[The records Boundary: Start]
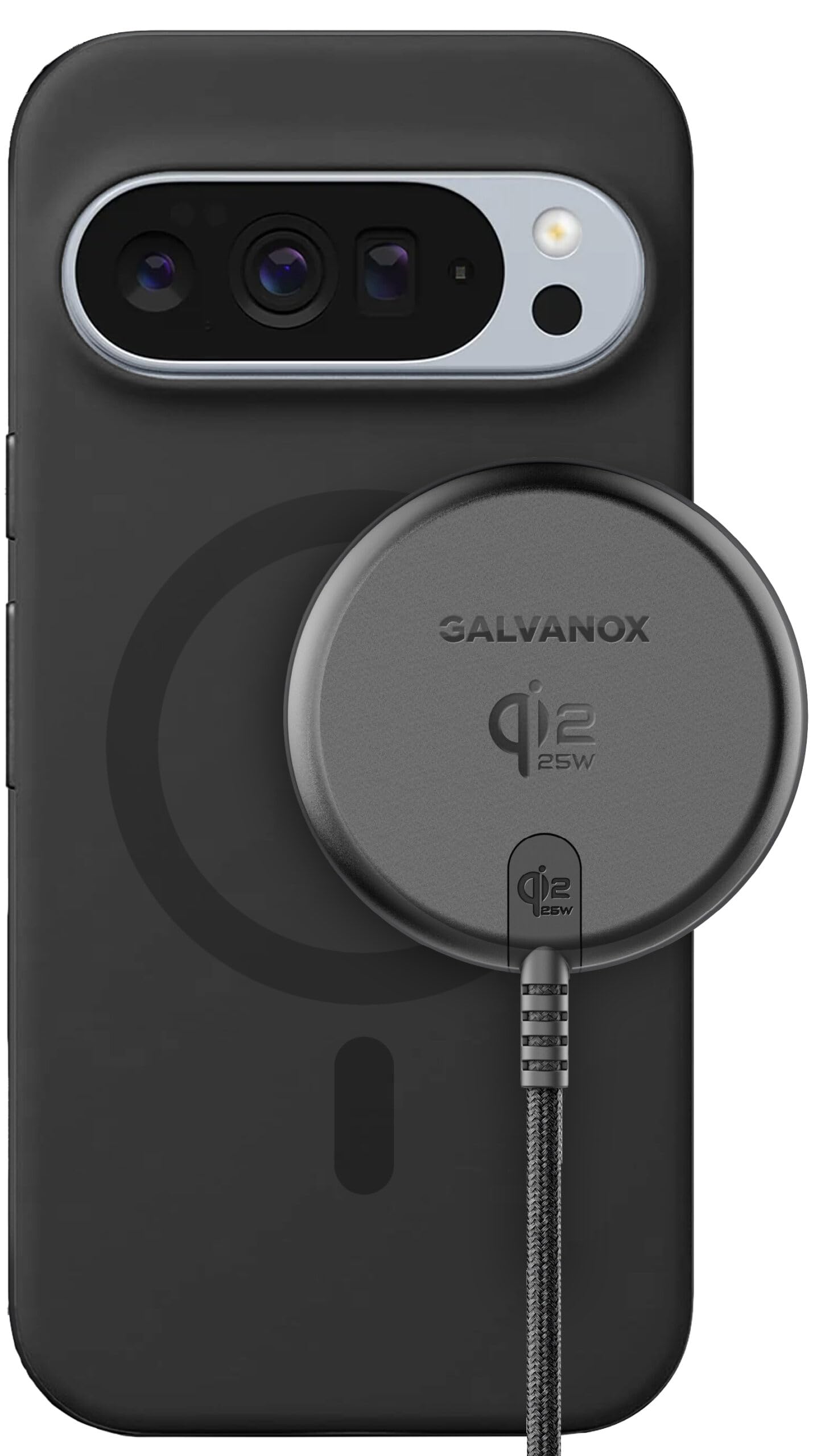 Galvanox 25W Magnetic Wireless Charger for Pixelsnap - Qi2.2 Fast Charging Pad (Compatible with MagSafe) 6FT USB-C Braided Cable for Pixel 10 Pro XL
[The records Boundary: End]
[The records Boundary: Start]
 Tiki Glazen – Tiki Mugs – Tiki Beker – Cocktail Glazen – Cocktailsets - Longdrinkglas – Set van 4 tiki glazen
[The records Boundary: End]
[The records Boundary: Start]
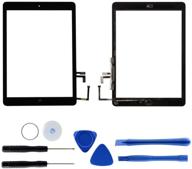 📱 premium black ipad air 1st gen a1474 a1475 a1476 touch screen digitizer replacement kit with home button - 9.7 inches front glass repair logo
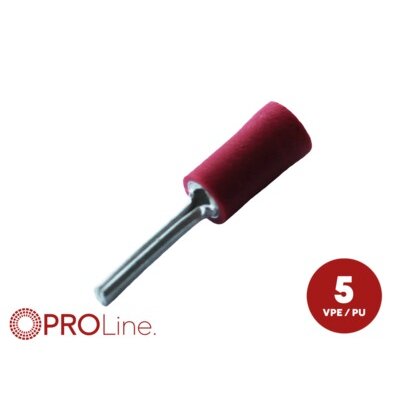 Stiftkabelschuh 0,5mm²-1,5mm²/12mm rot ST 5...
[The records Boundary: End]
§ **Work instructions**:
Everything from the line above that contains "glass repair logo" down to the line that contains "Stiftkabelschuh 0,5mm²-1,5mm²/12mm rot" must be reproduced exactly, both ends included. Omit the pictures.

§ **Response**:
 📱 premium black ipad air 1st gen a1474 a1475 a1476 touch screen digitizer replacement kit with home button - 9.7 inches front glass repair logo
 Stiftkabelschuh 0,5mm²-1,5mm²/12mm rot ST 5...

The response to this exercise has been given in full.